In another letter, Welty confides, “New linoleum in kitchen going in now” and describes in detail a primitive painting she purchased from “a lady named Tiny Mason, fat as she can be of course. I think the name of it is ‘A High Class Restaurant in Meridian.’”

Welty, who would win the 1973 Pulitzer Prize for her novel The Optimist’s Daughter, often discussed her work in progress with Robinson. She also critiqued his work and urged him to submit it to magazines. In October 1951, she wrote, “I’ve had so much pleasure writing this summer on this long thing. I groan to everybody and say I’m tired, but the truth is I only want to get back to it.” Later, she notes, “It’s so dry, I’ve been watering camellias all morning, while trying to work out whether I’m going to have to kill my heroine or not. I don’t think so—in the languors of noon and wet grass.”

In an undated letter, she writes, “It was grand to have Robert Penn Warren here. He is a darling man, I fell for him hook line & sinker, but he could stay less than 24 hours, flew down and back from Yale. A wonderful tale teller.”

In another missive, Welty paints an unforgettable picture of herself at work, courtesy of her niece: “Mary Alice Welty, 4, has just catechized me, ‘WHY do you type in blue jeans and a pretty pink bed jacket and why don’t you paint your fingernails red and if you have 2 suitcases why don’t you go somewhere, Chicago.’”

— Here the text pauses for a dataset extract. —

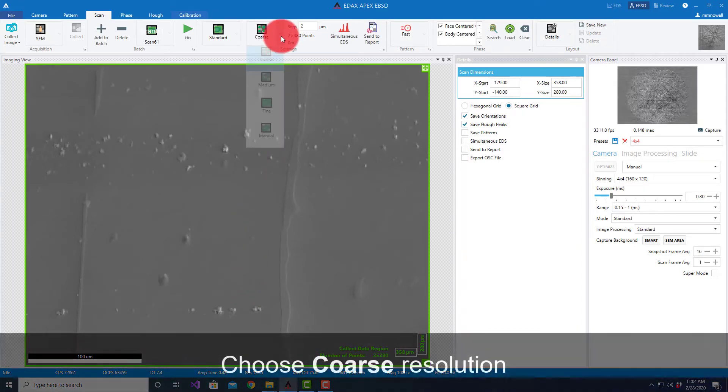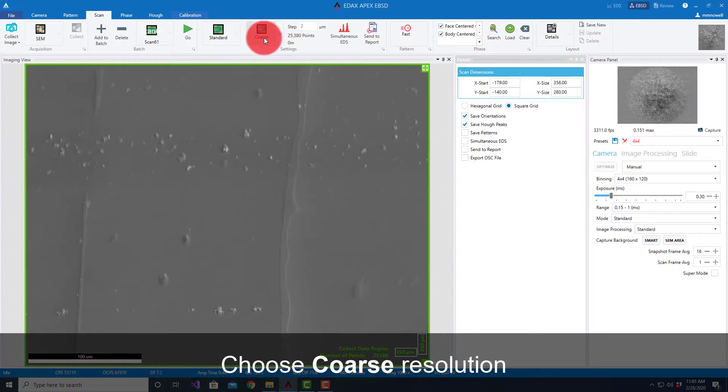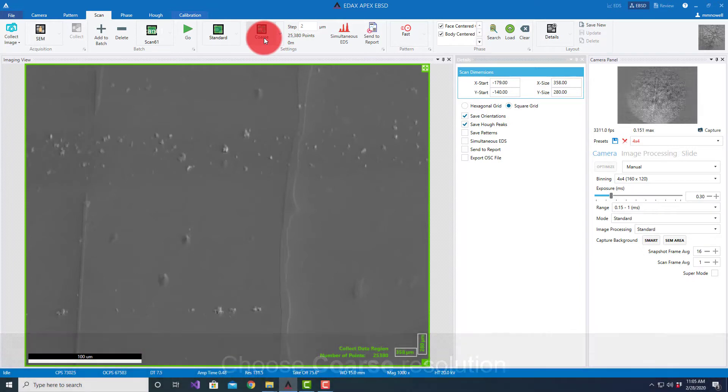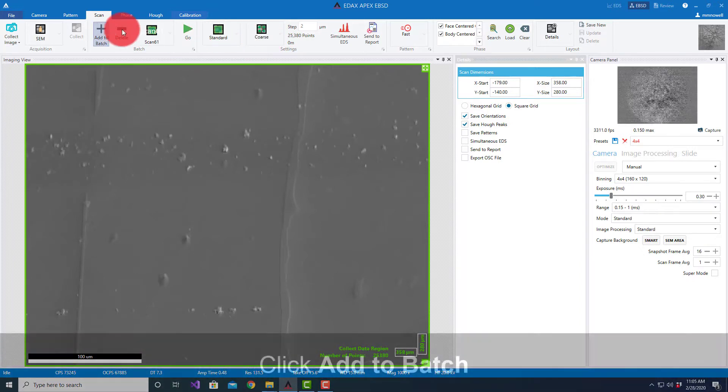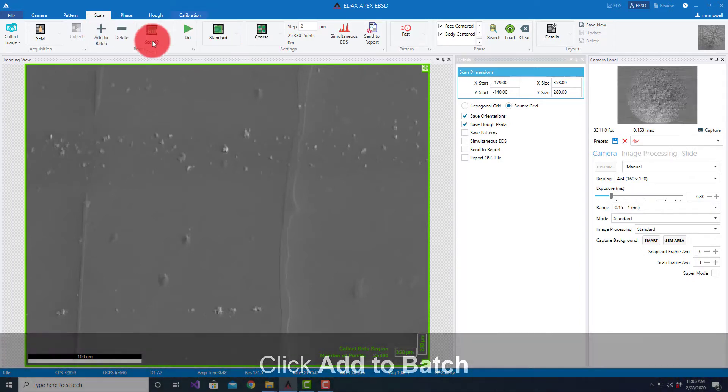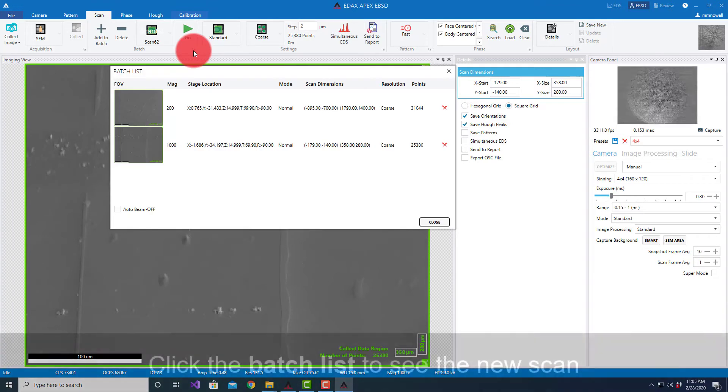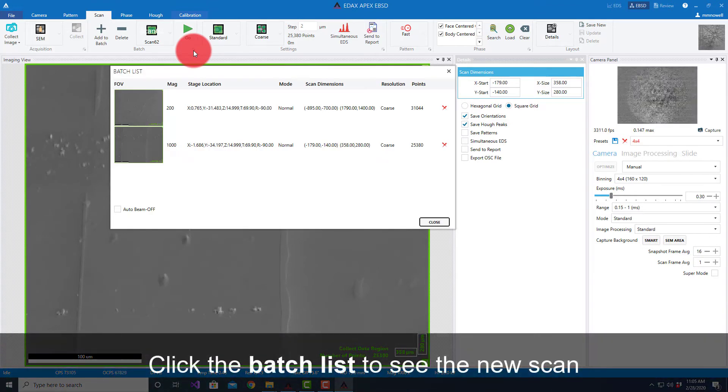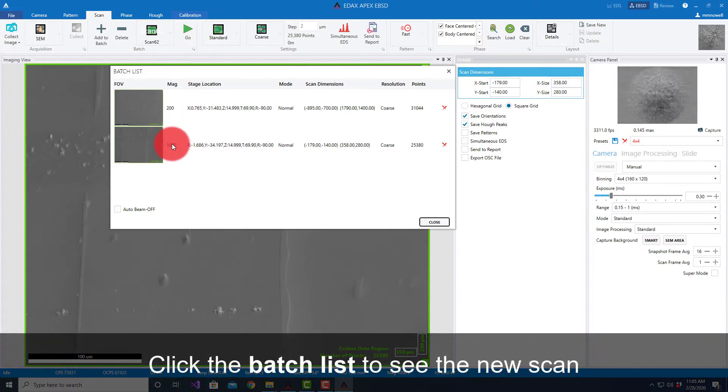I could select a different resolution. I'm going to keep coarse just so we can see the series of datasets quickly. Hit Add to Batch. If I look at my batch list, you'll see it's a little bit larger and my magnification has changed.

When John Robinson died at his house in Riparbella in 1989, his nephew was in Istanbul. Michael Robinson flew to Tuscany. Although he doesn’t speak Italian, he picked out a casket and arranged for his uncle to be buried in the English Cemetery in Florence. “He didn’t want flowers, so I had them put one rose on his casket,” he says.

While Robinson was in Italy, Enzo pointed out a typewriter Welty had left behind on a long-ago visit. “It was heavy, but I brought it back and donated it to the archives in Jackson,” he says. “It was a manual. The hum of the electric one bothered her, but she later got used to it.”

Among his treasured possessions are first editions of Welty’s books, inscribed to both him and his uncle. He also has two sculptures of the author, one a ceramic piece he commissioned from Mississippi artist Susan Clark, the other a signed and numbered bronze depicting Welty clad in a long overcoat. “Only one hundred of these were produced,” he says. “Mine is number eight.”

Perhaps his fondest possession is the family resemblance to his much-loved uncle. “The older I get, the more I look like him,” says Robinson.